Passengers will be front and centre when Lufthansa German Airlines chief executive Carsten Spohr and United Airlines chief executive Jeff Smisek chat at the IATA Annual General Meeting.
"We talk about our customers mainly," says Spohr in an interview in Frankfurt shortly before he departed for the conference in Cape Town on 31 May. "What our customers expect from us, where we don't yet meet [our] customer requirements and where we are meeting them."
The two Star Alliance members have been partners since at least 1997 and have a metal neutral trans-Atlantic joint venture where they share all revenues along with Air Canada.
Spohr says that the two airline chief executives are also likely to discuss industry politics, including emissions trading and aircraft.

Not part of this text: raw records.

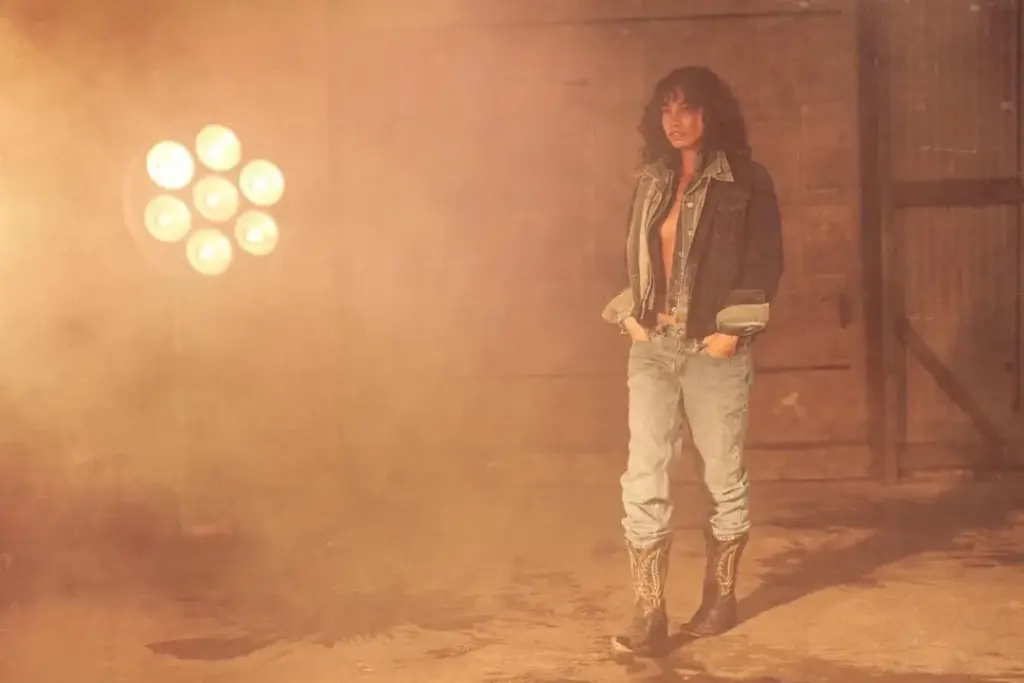 Cinematic Photography Basics: How to Create Film-Like Images in a Studio -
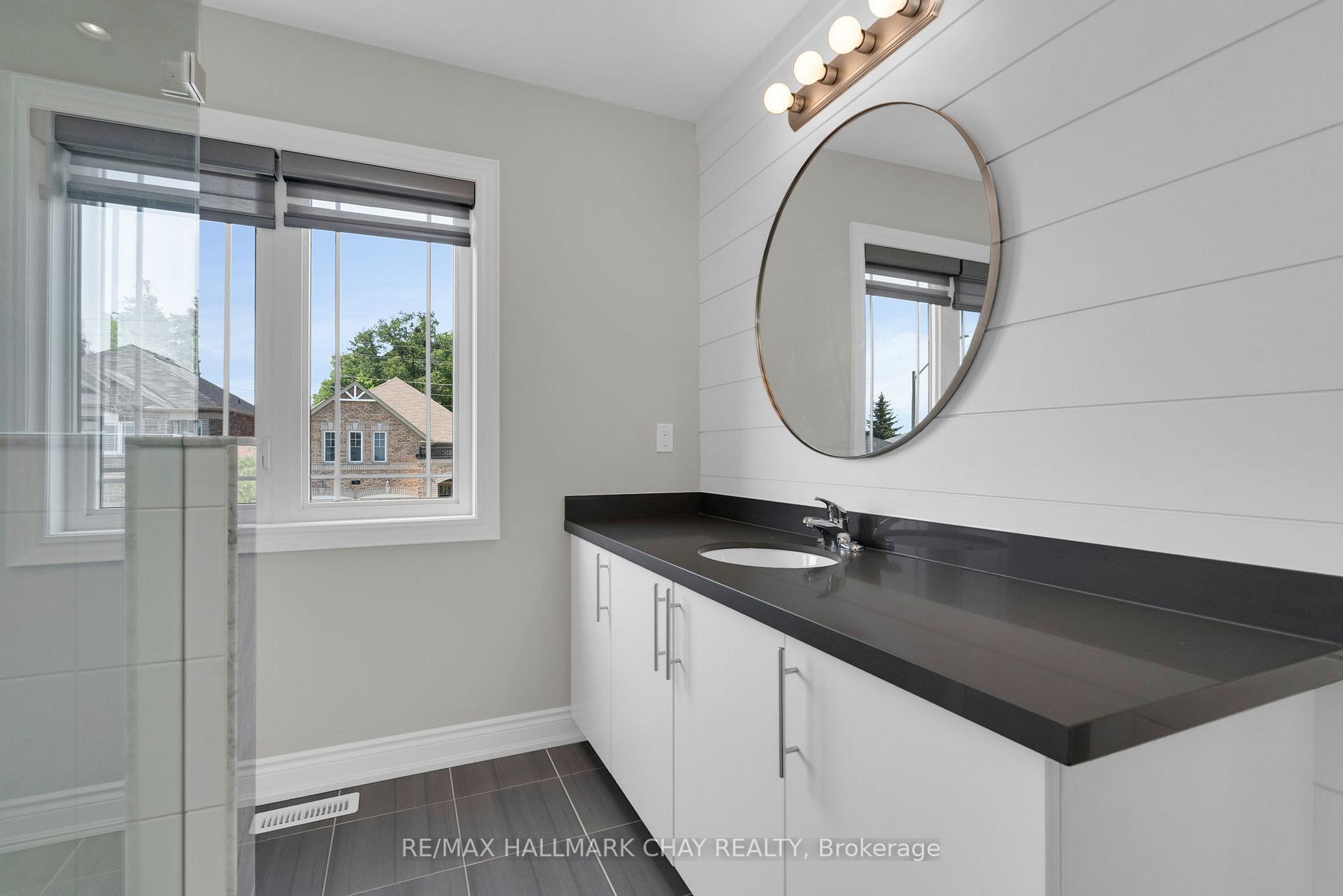 Photo 25 of 69 Prince George Crescent, Barrie, Innis-Shore — HOMEH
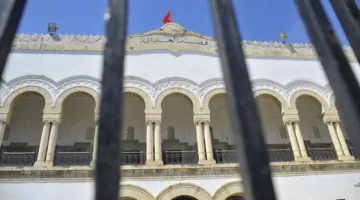 المحكمة التونسية تقضي بعقوبات سجن تمتد إلى 35 عاماً في “قضية التآمر ضد أمن الدولة”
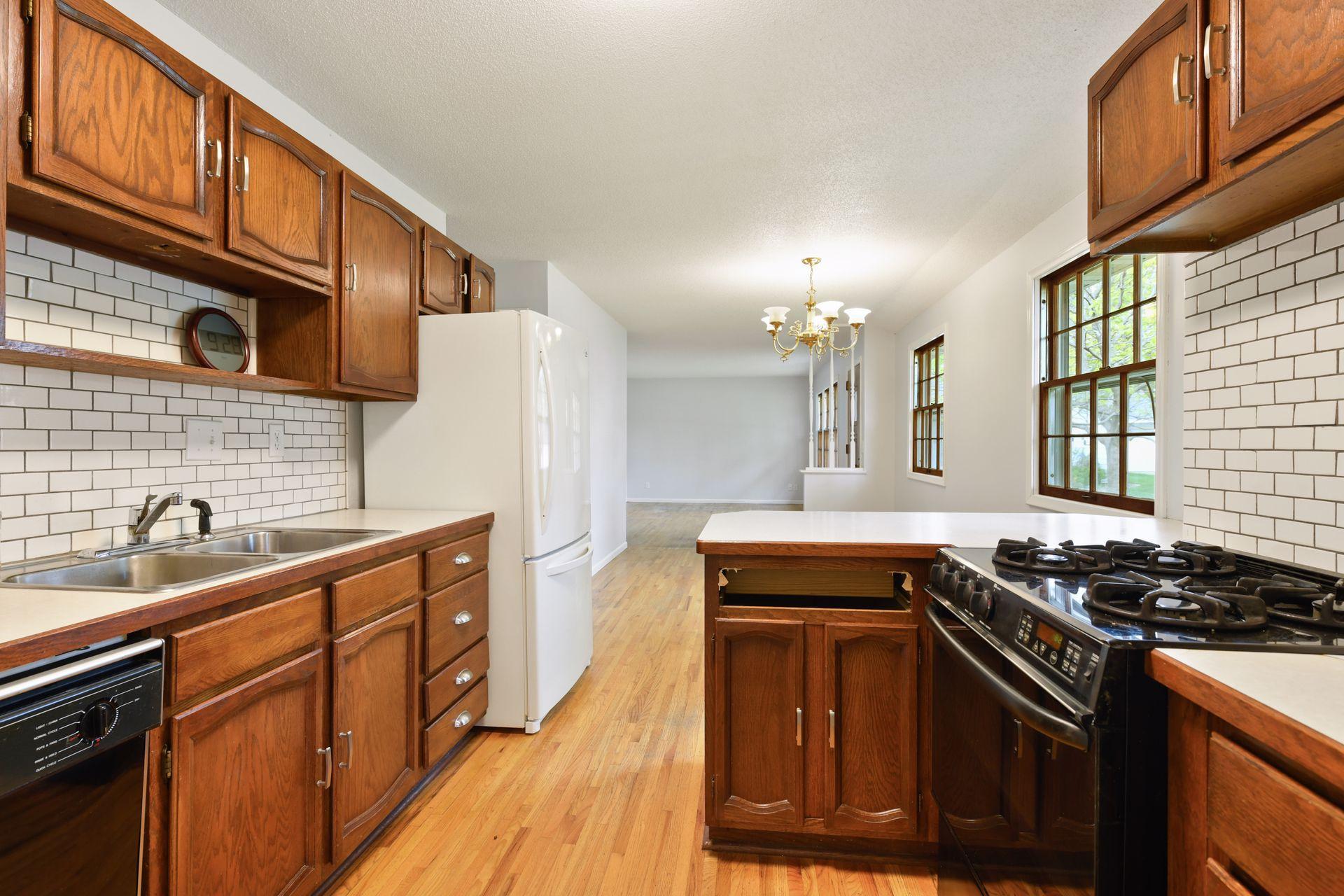 8332 Ewing Road Bloomington, MN 55431 - Photo 14 of 44
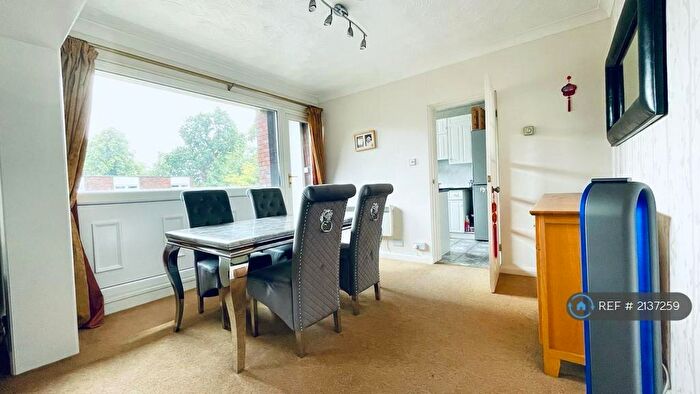 2 Bedroom Flat To Rent In Queens Road, Wilmslow, SK9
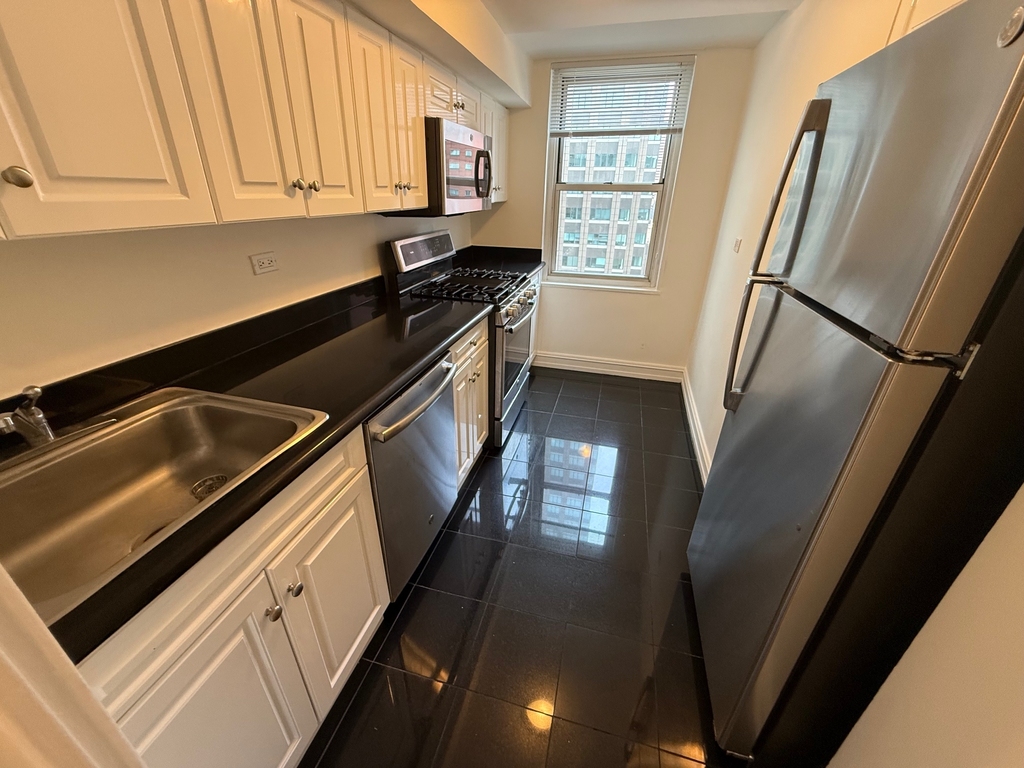 888 Eight Ave - Photo 9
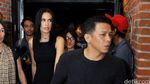 Ehm... Sophia Latjuba dan Ariel Gandengan Tangan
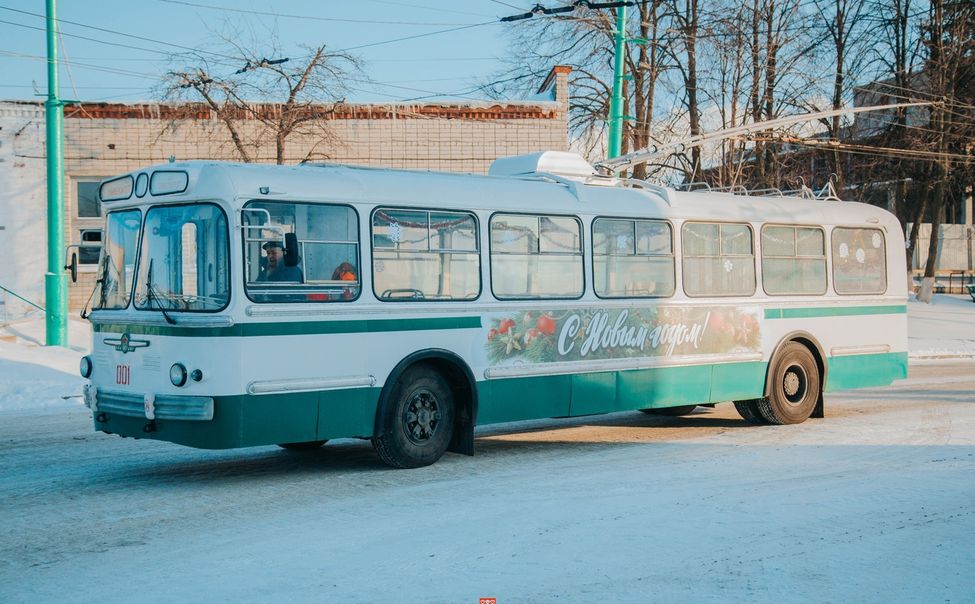 В канун Нового года на улицы Чебоксар выйдет ретро-троллейбус с Дедом Морозом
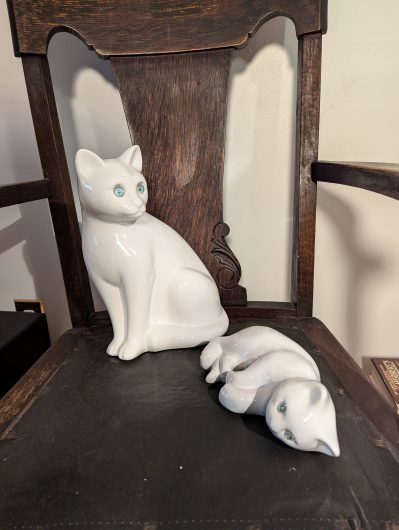 Alobaca Porcelain Cat and Kitten with Reflective Eyes – 10 inches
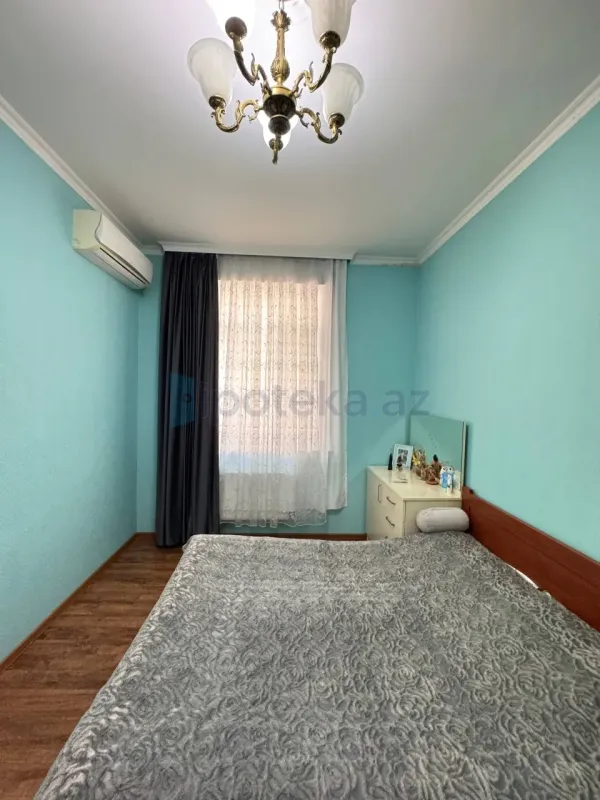 Satılır 9 otaqlı həyət evi 420 m²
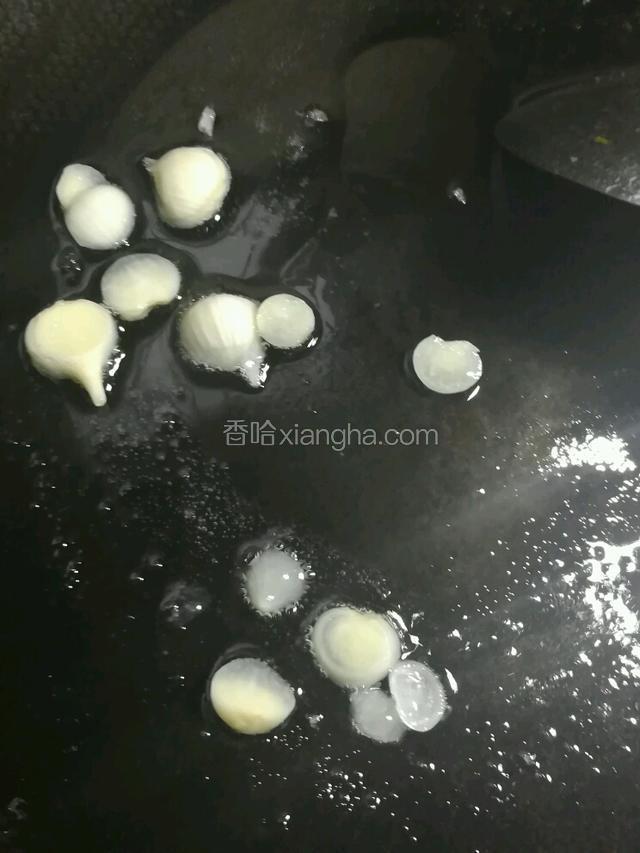 坐锅热油，小火煸香蒜片。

"In the non-consolidated industry that we are in, we are two of the biggest players getting together," he says. "We are definitely a force in this industry, so we talk about politics and aircraft but we really try to approach this whole thing from the customer point of view."
The executives will be able to swap notes on Airbus and Boeing's latest widebodies. Lufthansa is evaluating the Airbus A350, Boeing 787-9 and -10, and the Boeing 777-8X and -9X for an order that is expected to include more than 50 widebody aircraft before the end of the year, while United is looking at the same aircraft for a possible future order.
"The 787-10 is a great airplane," Ron Baur, vice-president of fleet at Chicago-based United, told Flightglobal in May. "It's a simple stretch [of the 787-8] and we're big advocates of simple stretches."
The airline has orders for 25 A350-900s.
Another topic that Spohr and Smisek are likely to discuss - if they have not already - is the quality of United's operations and service. A senior manager at Lufthansa says that the carrier agrees with public opinion that service on United has declined since its integration with Continental last year. They note though that this has not impacted the relationship between the two carriers.
United executives have publicly acknowledged operational and service quality issues numerous times during the past year. The airline is focused on improving both metrics this year as it hopes to recapture some of the corporate travel that it lost as a result.
Note: An earlier version of this article attributed the quotes to Christoph Franz, chief executive of Lufthansa Group.